Part B Insider (Multispecialty) Coding Alert

PHYSICIAN NOTES:

CMS Will Allow Second Round Of MUE Comments

'Medically unbelievable' edits shouldn't cramp your style

You may be able to use a modifier to override the new “medically unbelievable” edits (MUEs), the Centers for Medicare & Medicaid Services says in a statement.

The MUEs are just supposed to prevent “obviously erroneous” claims, and aren’t intended to be a new payment policy, CMS insists. CMS will work with providers to develop the statistical basis of these edits, and may let you override them for “clinical outliers.” CMS may also provide an appeals process if you receive an MUE-related denial.

CMS announced that the due-date for MUE comments has been extended to June 19, 2006. As reported last week, the MUEs won’t take effect until next January at the earliest. CMS says this will allow for another round of comments on a revised set of MUEs this fall.
 
In other news:

• You can expect another wave of confusion over the Part D drug benefit from patients who are being passively enrolled in drug plans. CMS has started mailing letters to 1.2 million low-income people,  letting them know which drug plan they’ve been enrolled in. The  recipients include people enrolled in other federal assistance programs such as Supplemental Security Income and Medicare Savings Programs, as well as beneficiaries who have applied for and been approved for a low-income subsidy for the Part D benefit.

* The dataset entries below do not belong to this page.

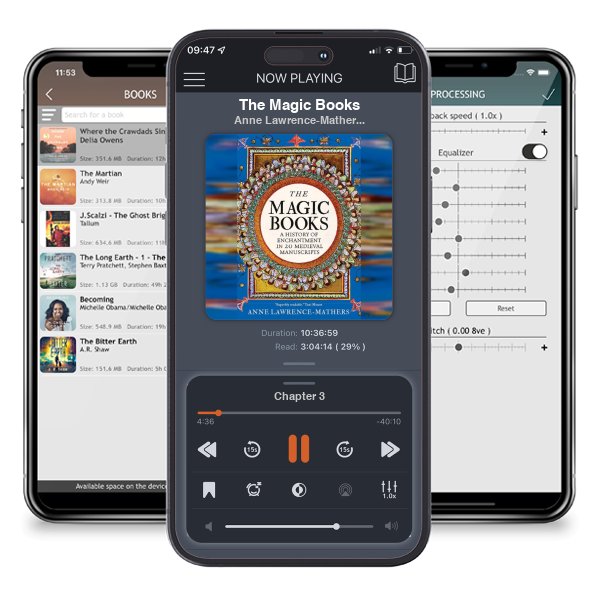 Download fo free audiobook The Magic Books by Anne Lawrence-Mathers and listen anywhere on your iOS devices in the ListenBook app.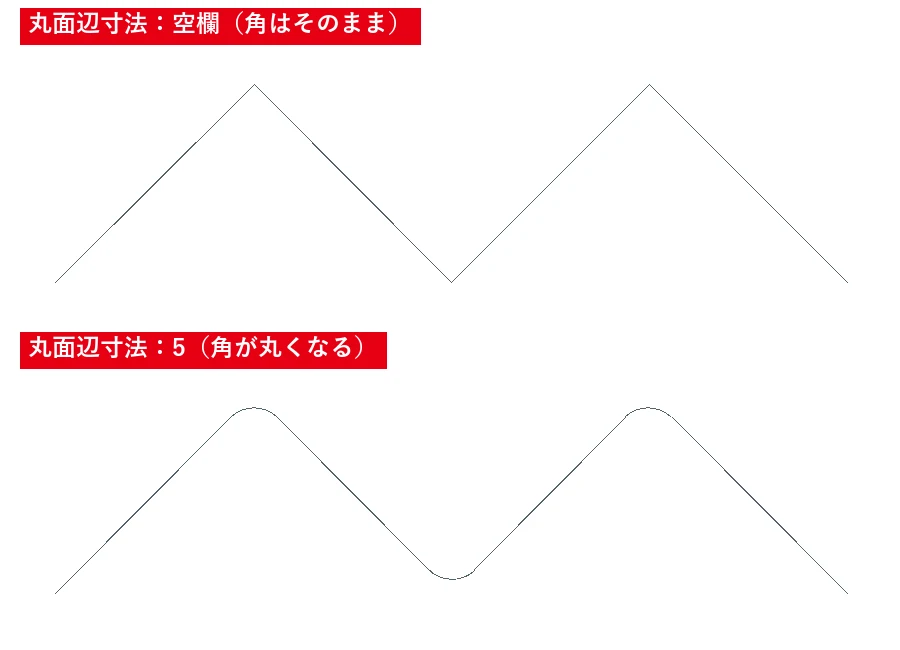 丸面辺寸法を入れると、折れ曲がる角が自動で丸くつながります。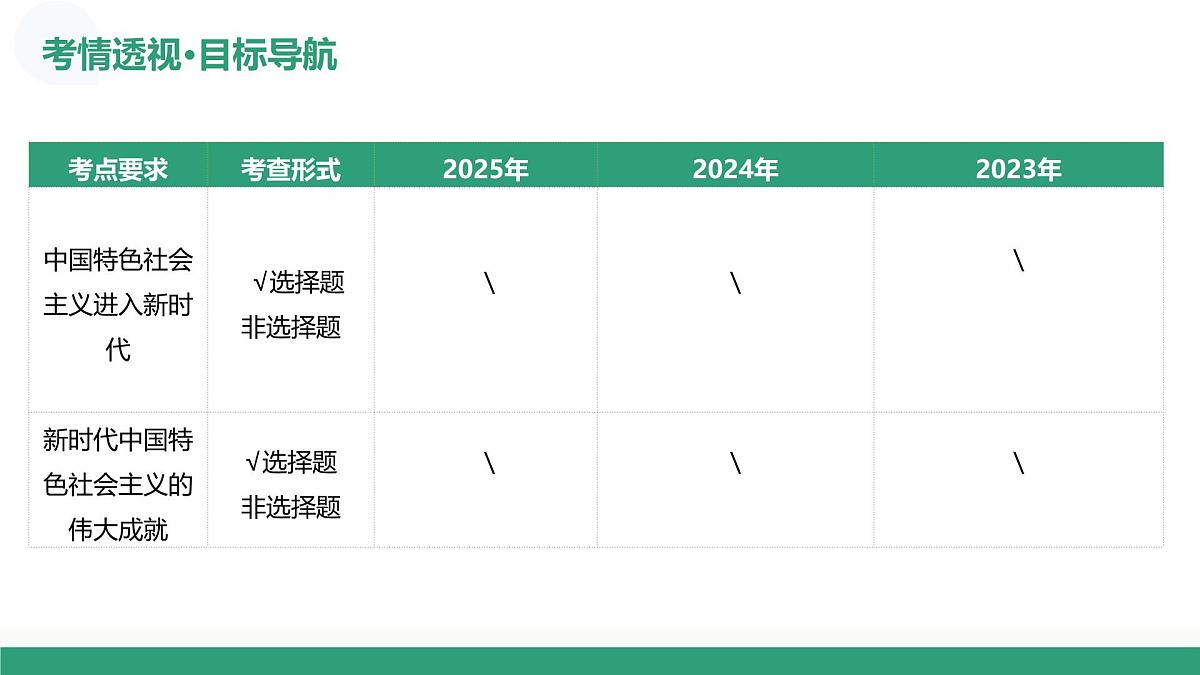 第24讲+中国特色社会主义新时代（复习课件）（安徽专用）2026年高考历史一轮复习讲练测第4页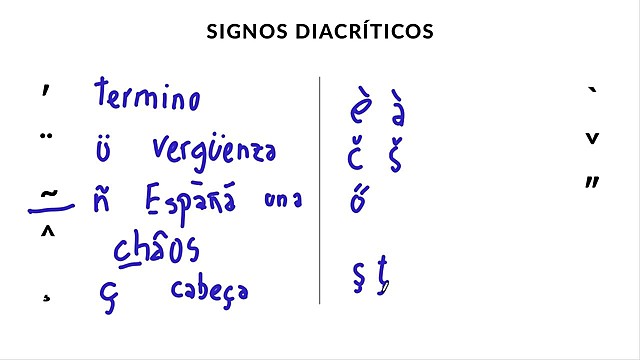 Signos diacríticos
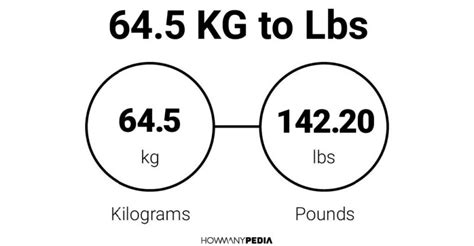645 Kg To Lbs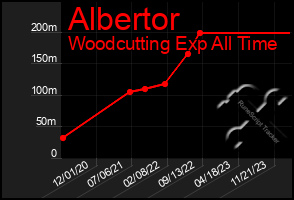 Total Graph of Albertor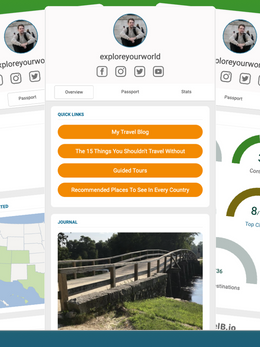 Travel Bloggers and Travel Guides, Connect Your Audience To All Your Social Channels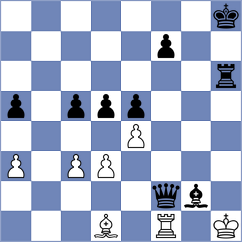 Tasaico Ramirez - Noda Flores (lichess.org INT, 2022)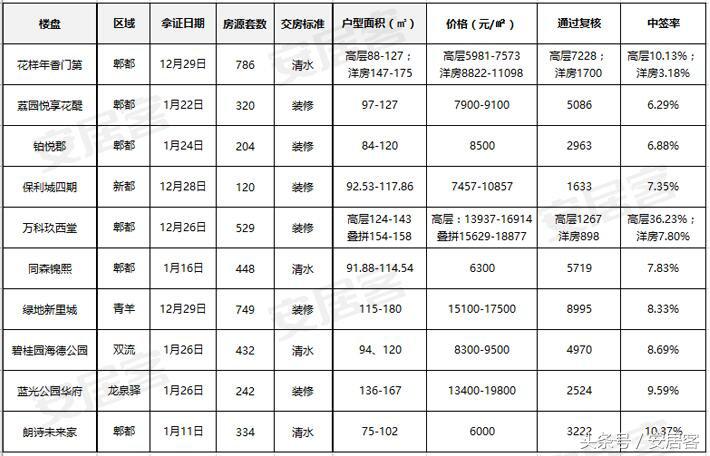 西安摇号买房详细流程,买房摇号流程最详细步骤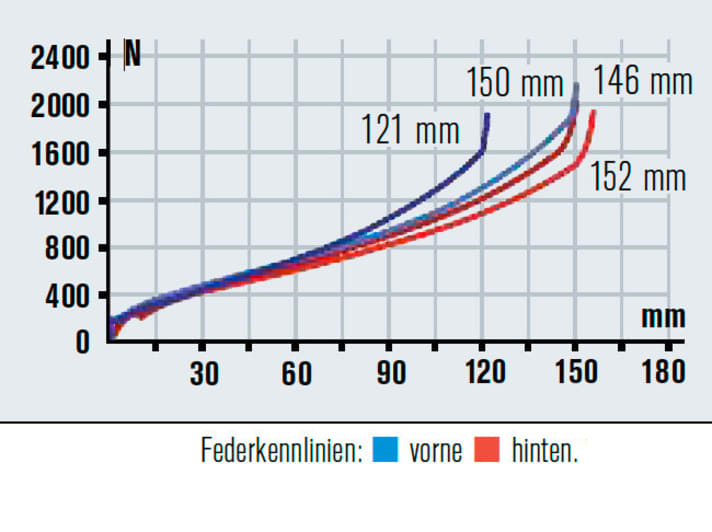   Das Heck bietet zwei Federwege, der Unterschied ist jedoch nicht groß. Insgesamt viel nutzbarer Federweg mit Reserven.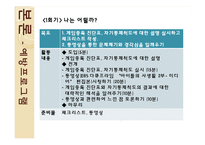 [학교복지] 중학생 대상 게임중독 예방 및 치료 프로그램-13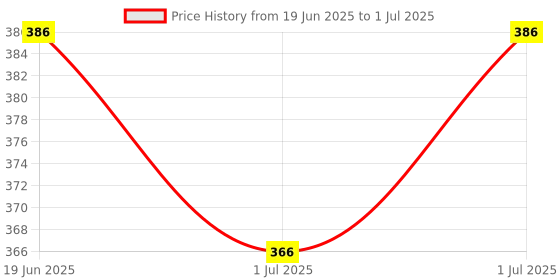 flipkart.com lyger Reaction Ball -Baseball and Softball for Agility Reflex, Coordination Training Throw Ball - Size: 3 lyger Price History Graph from 19 Jun 2025 to 1 Jul 2025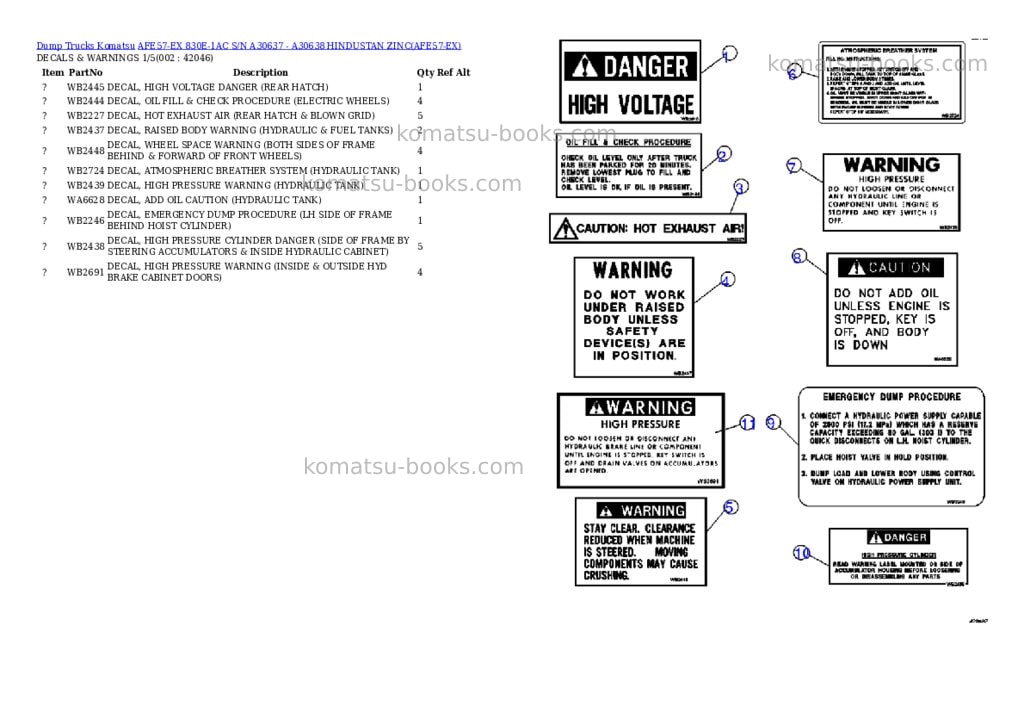 Komatsu afe57-ex 830e-1ac s/n a30637 - a30638 hindustan zinc Parts catalog cover Komatsu afe57-ex 830e-1ac s/n a30637 - a30638 hindustan zinc Parts catalog cover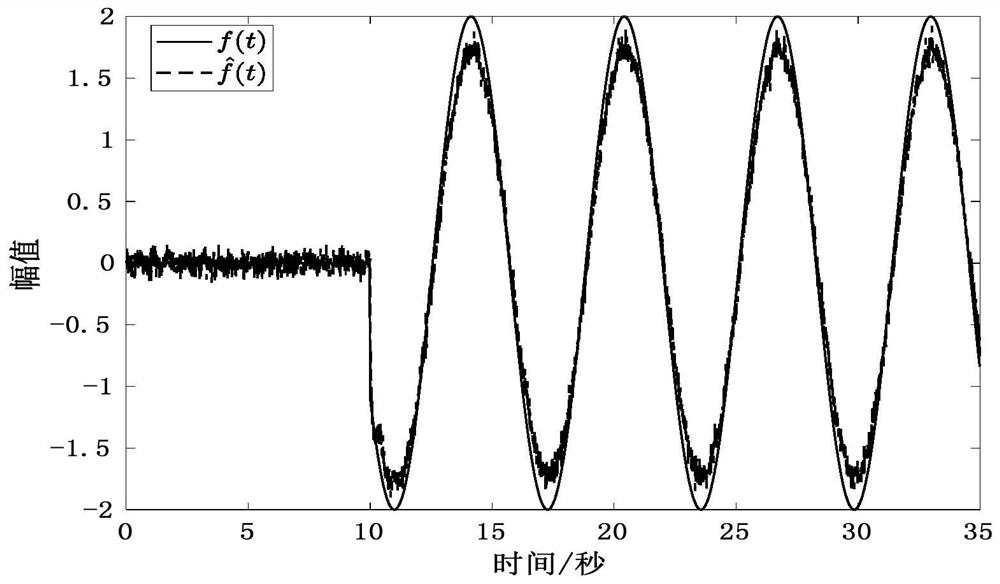 Fault estimation observation method and device for nonlinear system with disturbance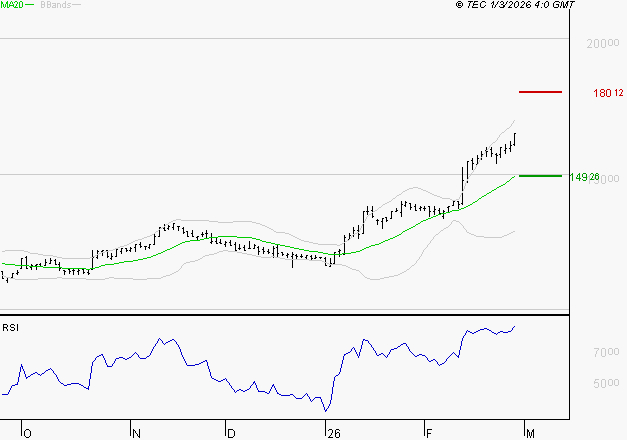 IPSEN : Les résistances sont proches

• Manhattan doctor David Wexler was sentenced to 20 years in federal prison for distributing prescription narcotics (such as Dilaudid, Percocet, Vicodin, and Xanax) and for health care fraud. A jury found he billed various insurers for thousands of excision procedures that he didn’t perform, and either paid patients to lie, or provided them with drugs. Wexler billed Medicare for nearly 2,000 surgeries on Barry Abler, who died of an overdose from drugs Wexler provided. These included 1,300 four-cm excisions on Abler’s face alone, prosecutors say.

• The U.S. Senate passed a budget resolution March 16 that includes no cuts to Medicare, Medicaid or other entitlement spending programs. The Senate  narrowly rejected an amendment from Sen. John Cornyn (R-TX) that called for $10 billion in cuts over five years for programs including Medicare.

• Two Delaware physicians and Beebe Medical Center agreed to pay $1 million to settle charges that the hospital paid the doctors a fee on top of their Medicare reimbursements to treat patients at the hospital, according to The News Journal. “We thought we were doing it right,” an attorney for one of the doctors said. “There was no effort to hide it.”